13 January 2013

Scrap Day Sunday

Courtesy of the Bates County Museum
Today's scrap is an actual scrap.  It's a large scrap of silk brocade  with a note sewn on it that reads;

 " This Silk was purchased in England in 1744 for a travelling dress."
 Mrs. S. Baldwin
Blue Springs

Mrs. S. Baldwin was Mary (Ingraham) Baldwin who was living in Blue Springs, Gage, NE at the time.  

This scrap of fabric was donated to the Bates County Museum, along with the silk bag that I featured in an earlier post, by my great great grandmother Maud (VanSant) Grimes.  We all just called her "Granny" and still do to this day.  Granny loved to quilt.  When she wasn't helping on the farm or raising her eight children, she was piecing quilts.  So it makes sense that she would have held on to this piece of fabric.  But who was the travelling dress made for?

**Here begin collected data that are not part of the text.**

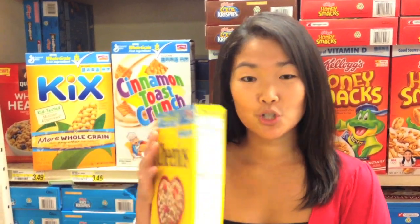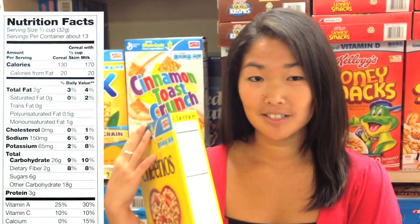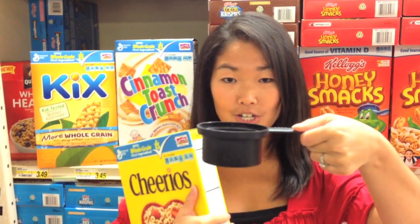When looking at your cereal, you want to look at the nutrition facts. The most important thing with diabetes is counting your carbs and taking your insulin. The serving size at the top says 1 cup, so this would be a serving for the Cheerios.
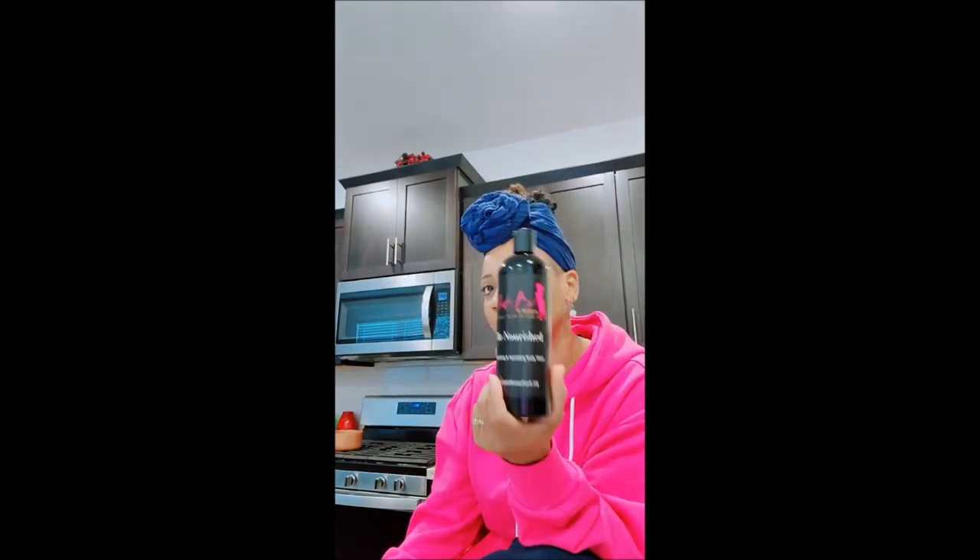I have one for men and one for women. The active ingredient inside this body wash is the world's most powerful antioxidant. This body wash has a plethora of magnesium inside of it to soften your skin, to hydrate your skin, to nourish your skin.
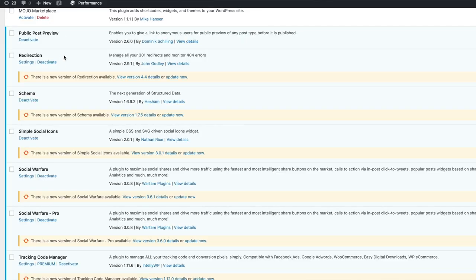Then we have Redirection, and it does exactly what it says. If you have a link that is broken on your website, or maybe you want to redirect that link to a different link, you can do that through Redirection. I honestly don't use that one that much, but there are definitely a few pages on my website that I didn't want broken links to appear on, so I had to redirect them to a new page. That was the easiest way to do it instead of going into all the pages on my website that had that link.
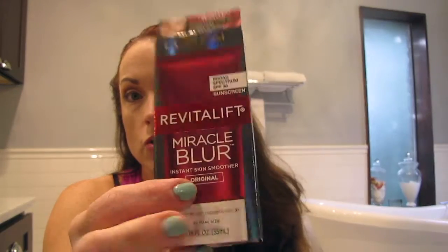So, primer — everything pretty much is the same as every other week: the Revitalift Miracle Blur. This is the new one. I haven't opened it yet, but I will tomorrow because I put the other one in my empties bucket. I totally need to film my empties video — it is overflowing.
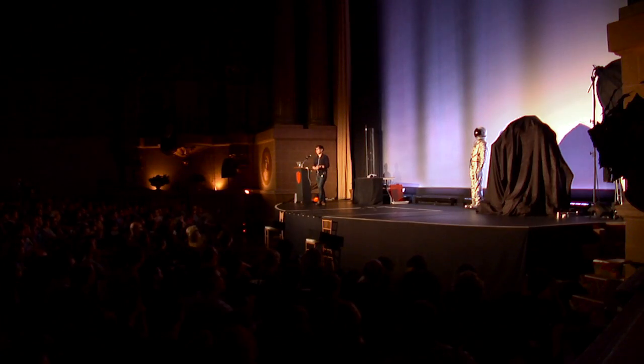Our next presenter is an archivist and cultural historian, and she's the co-founder of the Prelinger Library, which is one of the great hidden gems of San Francisco. I really encourage you all to visit if you get a chance. She's written two books. The first chronicles the story of the space race, and her most recent book, Inside the Machine, talks about the history of electronics through art and advertising. Please welcome Megan Prelinger.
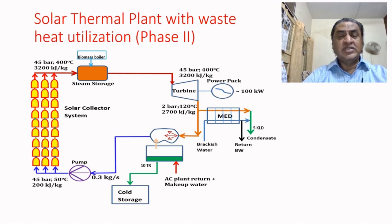The exhaust steam is then sent partly to a multi-effect desalination unit to produce ultra-pure water at 5 kilo liters per day. This part of the project is being designed and fabricated by colleagues from Anna University — Professor Vailraj and his colleague. Brackish water will be converted to ultra-pure water through this unit.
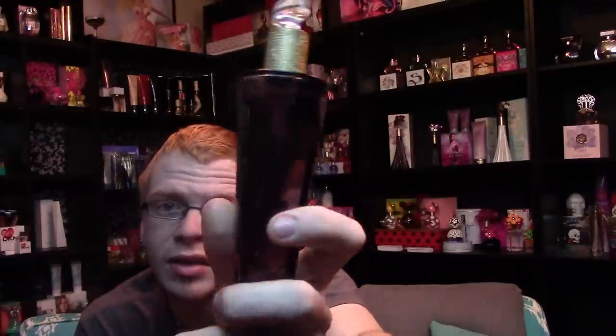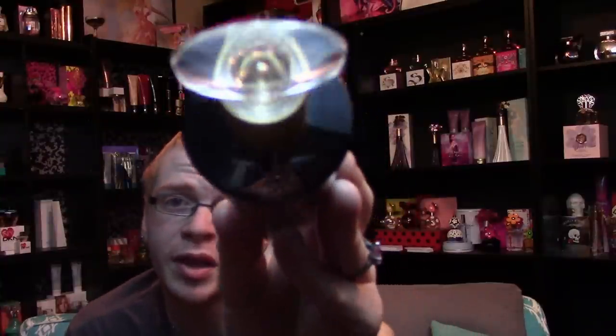The bottle design this time is new — it starts off as a square and then tapers up and becomes a circle. It says 'With Love, Paris Hilton' and has this lacy print on the side of the bottle. I don't know if you guys can even see this, but it does have that lace print detail on it.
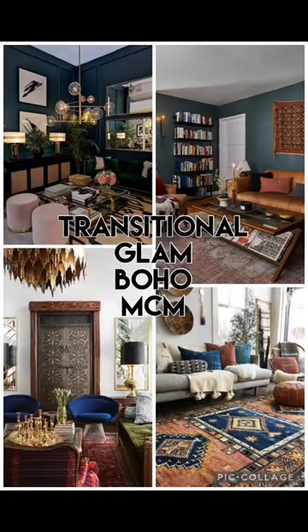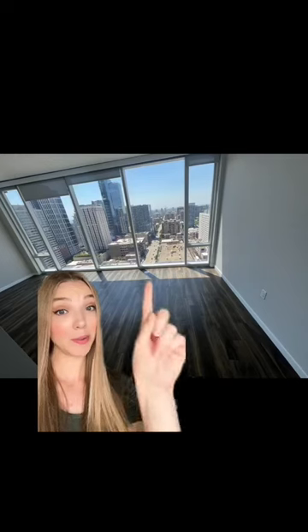I'm going to do a 30-second room makeover for those of us with short attention spans. This person's style is transitional with a side of glam, boho, and MCM. They live in a high-rise with an amazing view.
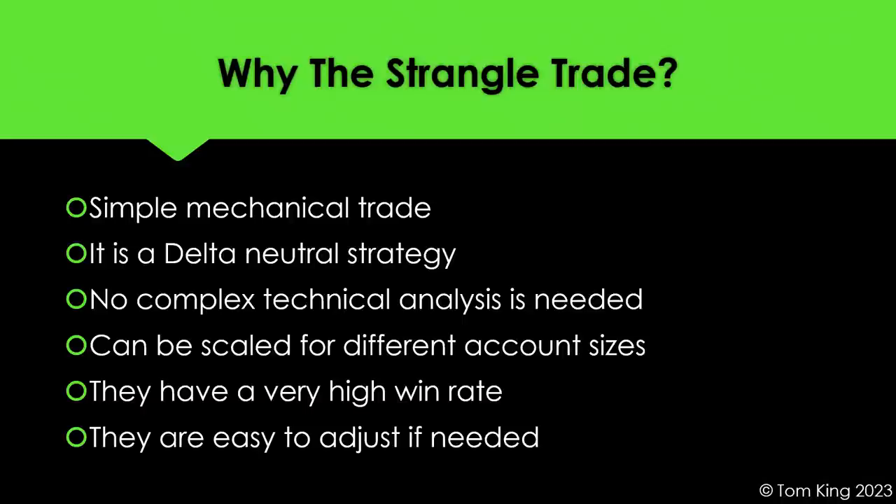Strangles can be scaled for different account sizes, from $10K all the way up to millions, and you can scale them across multiple products. Strangles have a high win rate, especially the way I trade them. They're also pretty easy to adjust if needed, though I'm not a big fan of adjusting. I don't subscribe to rolling the untested sides in or out — as many times as you do that, you can get whipsawed. Put it on, have a set of rules, take it off, make your money, and keep your life simple.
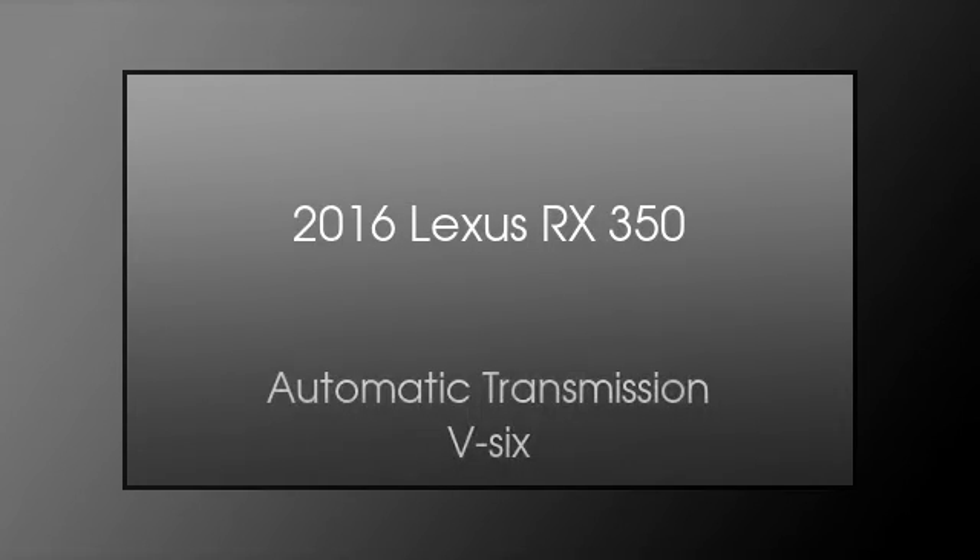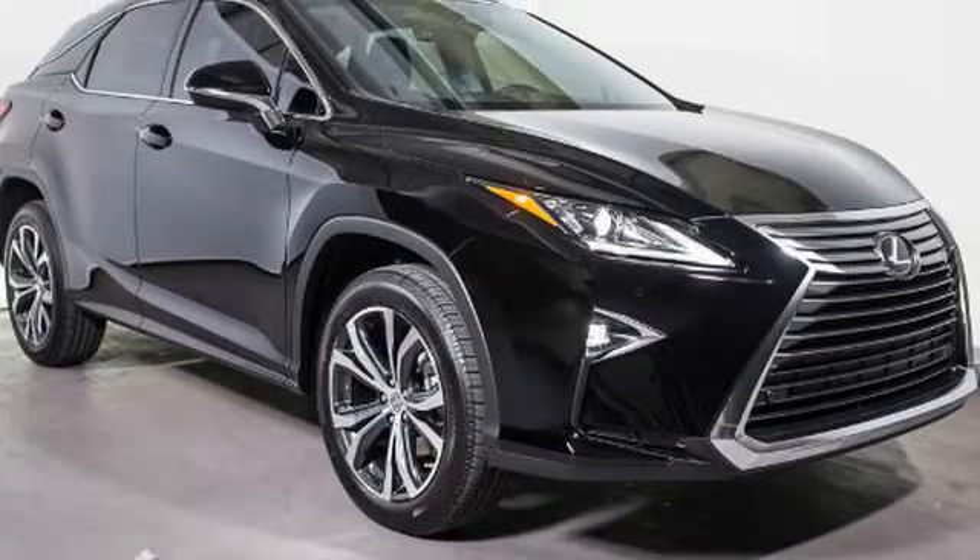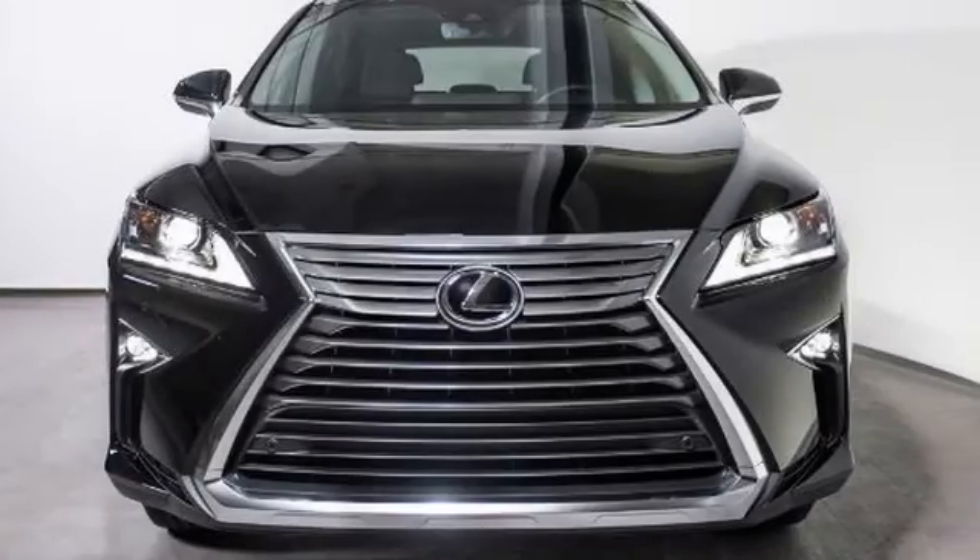This is a 2016 Lexus RX 350. This crossover has an automatic transmission and a V6.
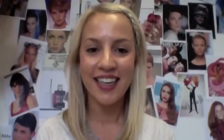Thank you for that one, Allure. Anyway, that's it for my Friday video. I hope you enjoyed it — have a wonderful weekend and we'll see you back at Primped next week. Bye!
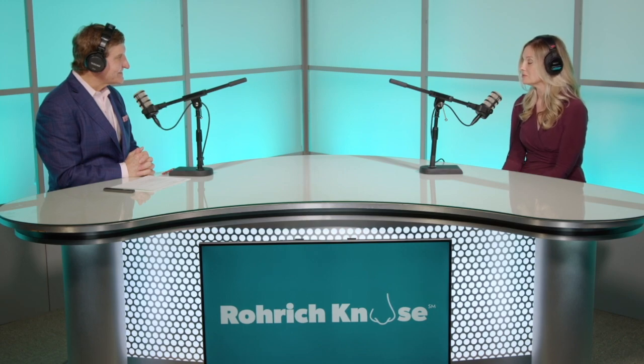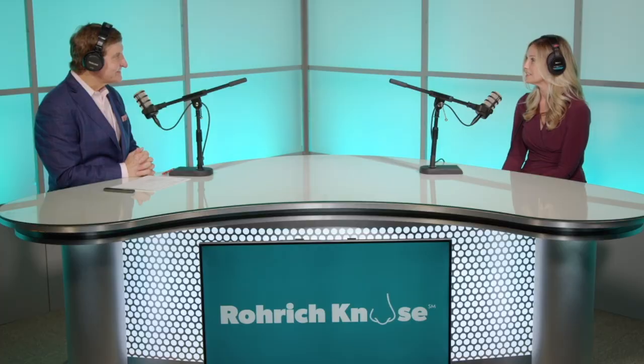Thank you so much, Dr. Rorick. I appreciate the opportunity to be here and to share with you and the audience information about MTF Biologics and about Profile costal cartilage in particular.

The note on the fabric was written by Mary (Ingraham) Baldwin so I started there.  It would have either came down through her or her husband, Samuel Baldwin.  I had done extensive research on Mary's line as it is my Mayflower line and the wording of the note struck a bell.  After some digging (ok, a lot of digging) through my notes I came upon some photocopied pages of a book entitled Puritans, Pioneers & Planters An Ingraham-Abbott-Wardwell-Culver-Burbank Genealogy written by Norma Quarles Hare.  In the preface of the book, Mrs. Hare describes her and her mother going through a box of possessions that belonged to her great grandmother, Delia Balis (Ingraham) Blakemore.  In this box they found a scrap of red, silk brocade fabric that matched a square in a crazy quilt that Delia had made and stitched the year 1744 into.    Attached to this fabric was a note in her great grandmother's handwriting that read:

  "This silk was purchased in England for a travelling dress for Mrs. Wardwell, nee Swan".  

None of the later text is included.